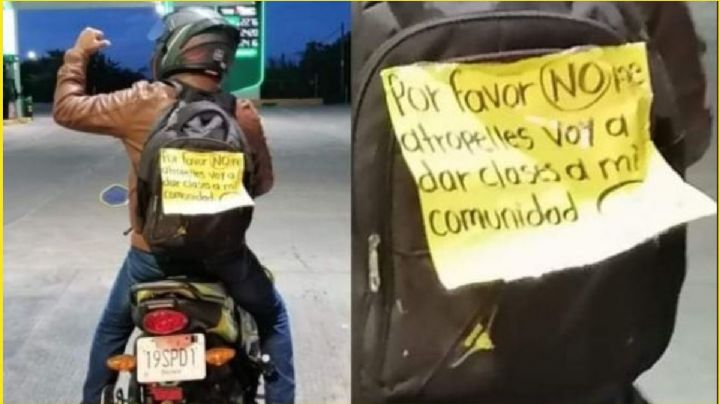 "Por favor no me atropelles": maestro oaxaqueño se viraliza por cartel en su motocicleta | FOTO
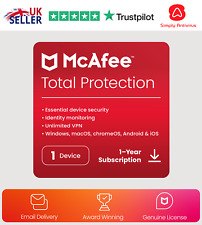 McAfee Total Protection Antivirus 2025 1 Device 1 Year 5 Minute Delivery
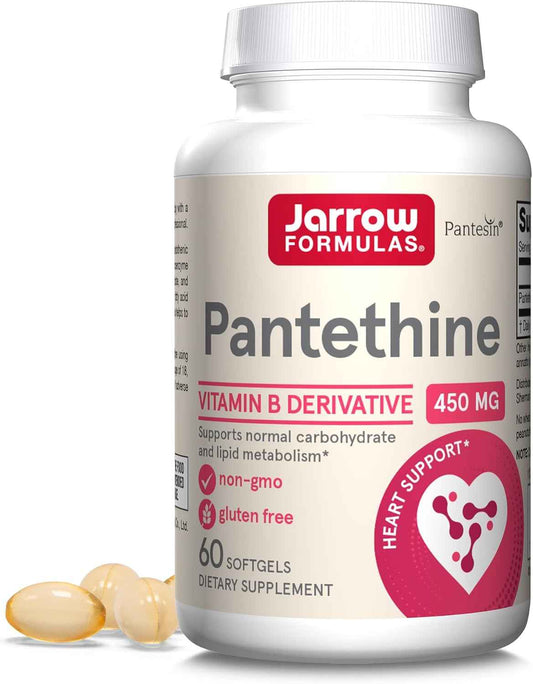 Pantethine 450mg Softgels - Coenzyme A Precursor - Heart Health & Metabolism Support - Pantothenic Acid Supplement - 60 Servings
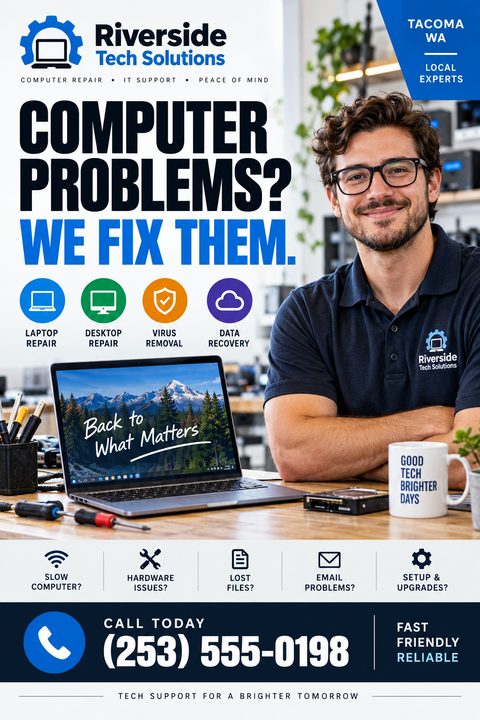 Computer repair flyer template with a photo of a smiling technician sitting at a desk with a laptop. Text reads 'Computer Problems? We Fix Them.' with icons for laptop repair, desktop repair, virus removal, and data recovery.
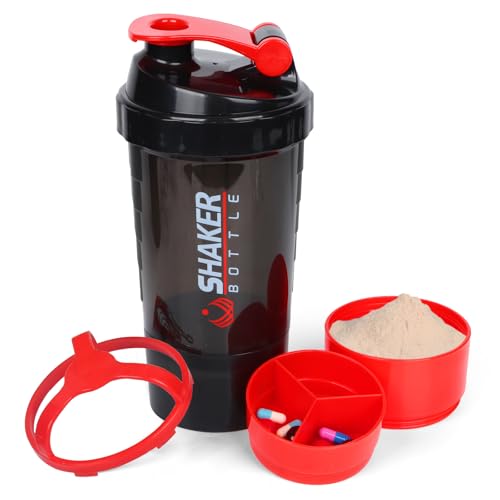 XTK Shaker Bottle 16OZ Protein Shaker Bottles with Mix Ball Portable Sports Water Bottle Leak Proof GYM Cup for Protein Mixes with Storage & Pill Organizer, Ideal for Pre Workout,BPA Free (Red) - color: Red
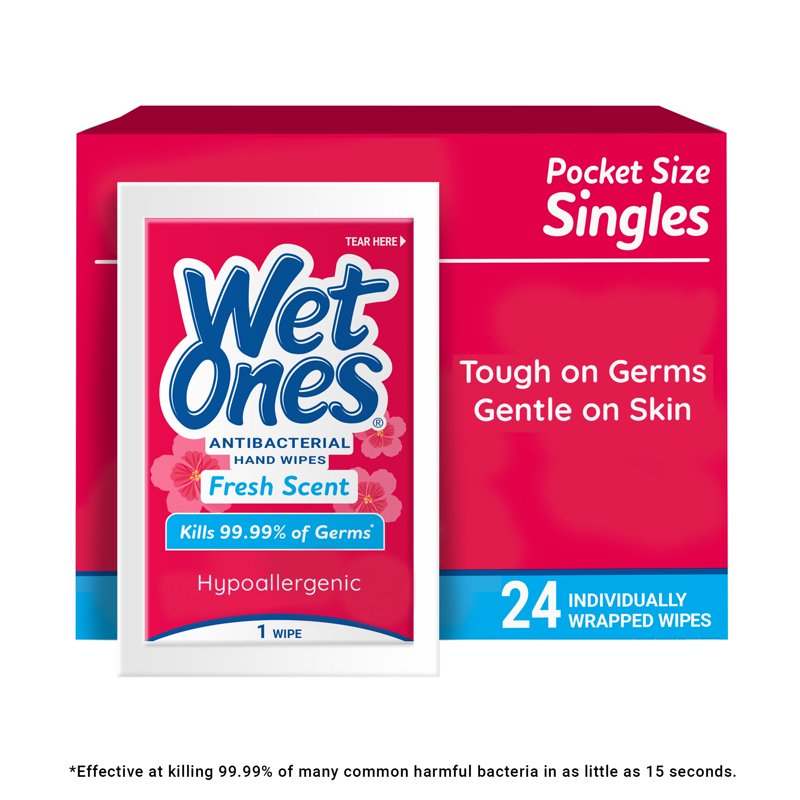 Antibacterial Individually Wrapped Hand Wipes - Fresh Scent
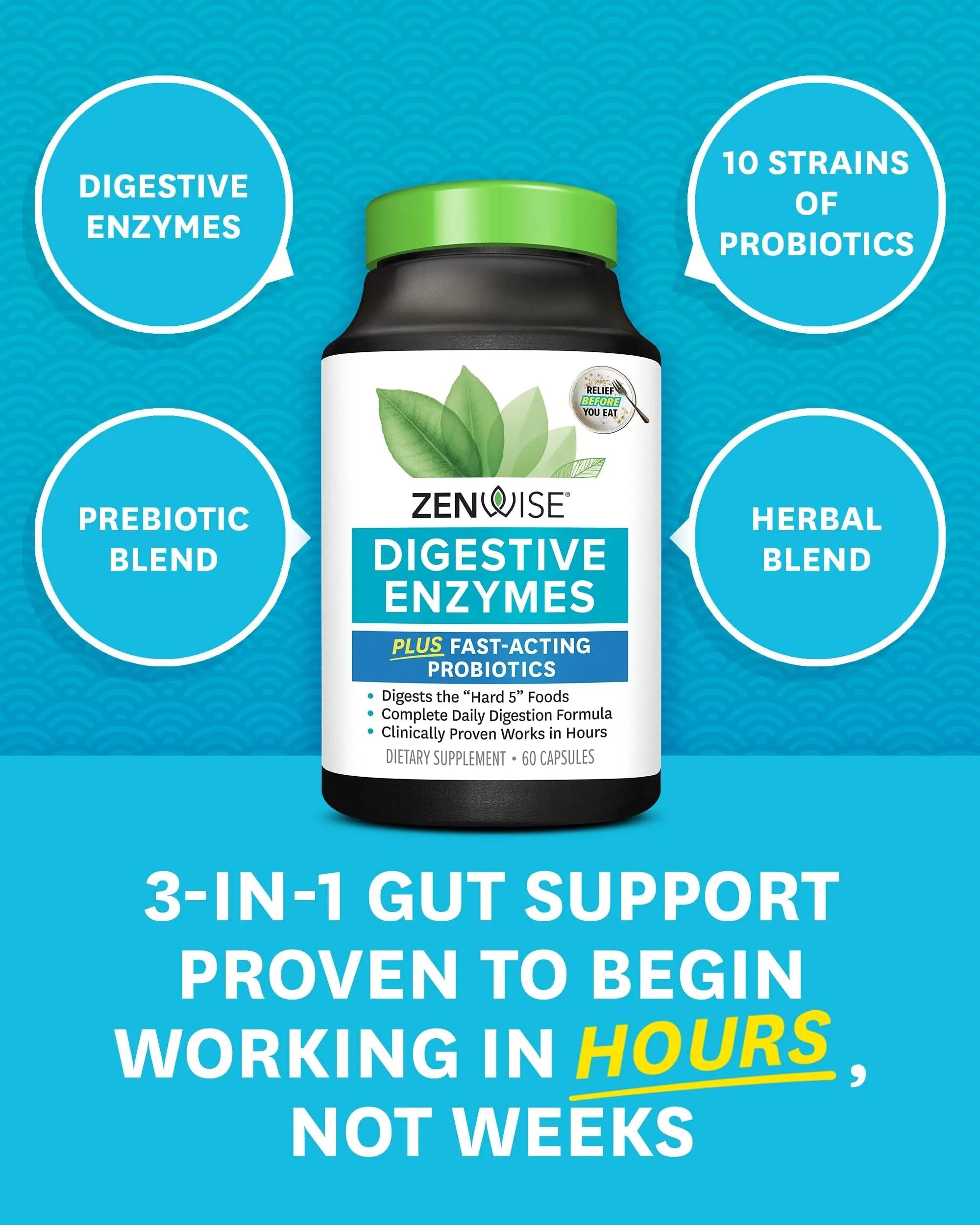 Zenwise Health Digestive Enzymes - Probiotic Multi Enzymes with Probiotics Zenwise Health Au supplements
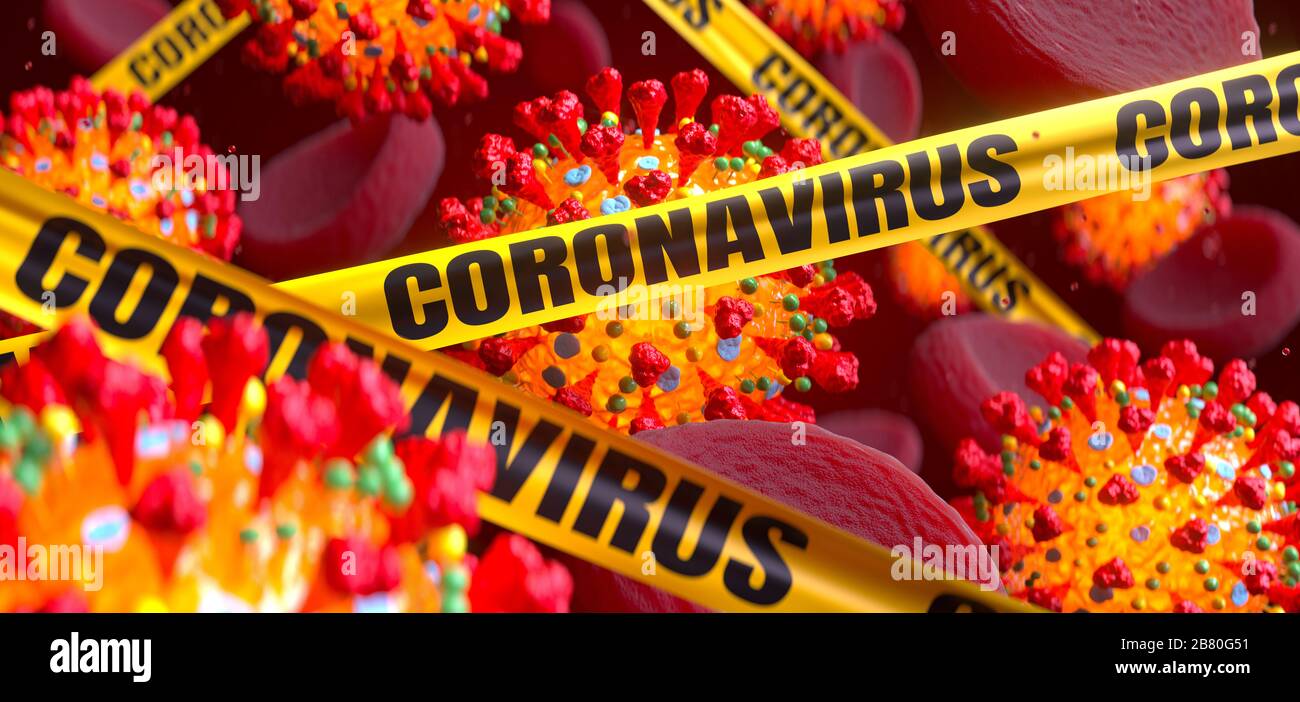 Coronavirus COVID-19 influenza sotto il microscopio. Focolaio di influenza e coronavirus concetto di minaccia di influenza. Cellule ematiche e virus con rendering 3d Danger Tape. Foto Stock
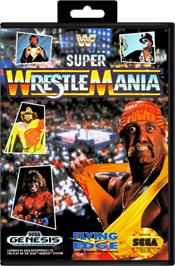 Box cover for WWF Super Wrestlemania on the Sega Genesis.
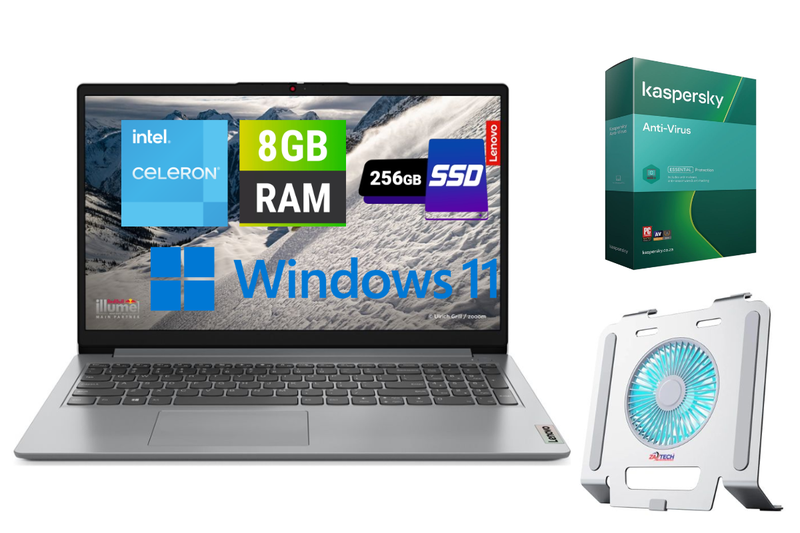 Lenovo IdeaPad 15.6" Celeron 8GB 256GB SSD W11H + Stand + Antivirus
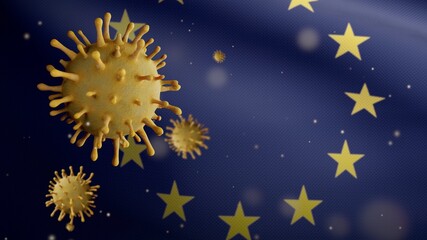 3D illustration Flu coronavirus over European Union flag. Covid 19 at Europe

What needs to be done: Return the whole of the material above exactly, with no picture carried over.

Your response:
 "Por favor no me atropelles": maestro oaxaqueño se viraliza por cartel en su motocicleta | FOTO
 McAfee Total Protection Antivirus 2025 1 Device 1 Year 5 Minute Delivery
 Pantethine 450mg Softgels - Coenzyme A Precursor - Heart Health & Metabolism Support - Pantothenic Acid Supplement - 60 Servings
 Computer repair flyer template with a photo of a smiling technician sitting at a desk with a laptop. Text reads 'Computer Problems? We Fix Them.' with icons for laptop repair, desktop repair, virus removal, and data recovery.
 XTK Shaker Bottle 16OZ Protein Shaker Bottles with Mix Ball Portable Sports Water Bottle Leak Proof GYM Cup for Protein Mixes with Storage & Pill Organizer, Ideal for Pre Workout,BPA Free (Red) - color: Red
 Antibacterial Individually Wrapped Hand Wipes - Fresh Scent
 Zenwise Health Digestive Enzymes - Probiotic Multi Enzymes with Probiotics Zenwise Health Au supplements
 Coronavirus COVID-19 influenza sotto il microscopio. Focolaio di influenza e coronavirus concetto di minaccia di influenza. Cellule ematiche e virus con rendering 3d Danger Tape. Foto Stock
 Box cover for WWF Super Wrestlemania on the Sega Genesis.
 Lenovo IdeaPad 15.6" Celeron 8GB 256GB SSD W11H + Stand + Antivirus
 3D illustration Flu coronavirus over European Union flag. Covid 19 at Europe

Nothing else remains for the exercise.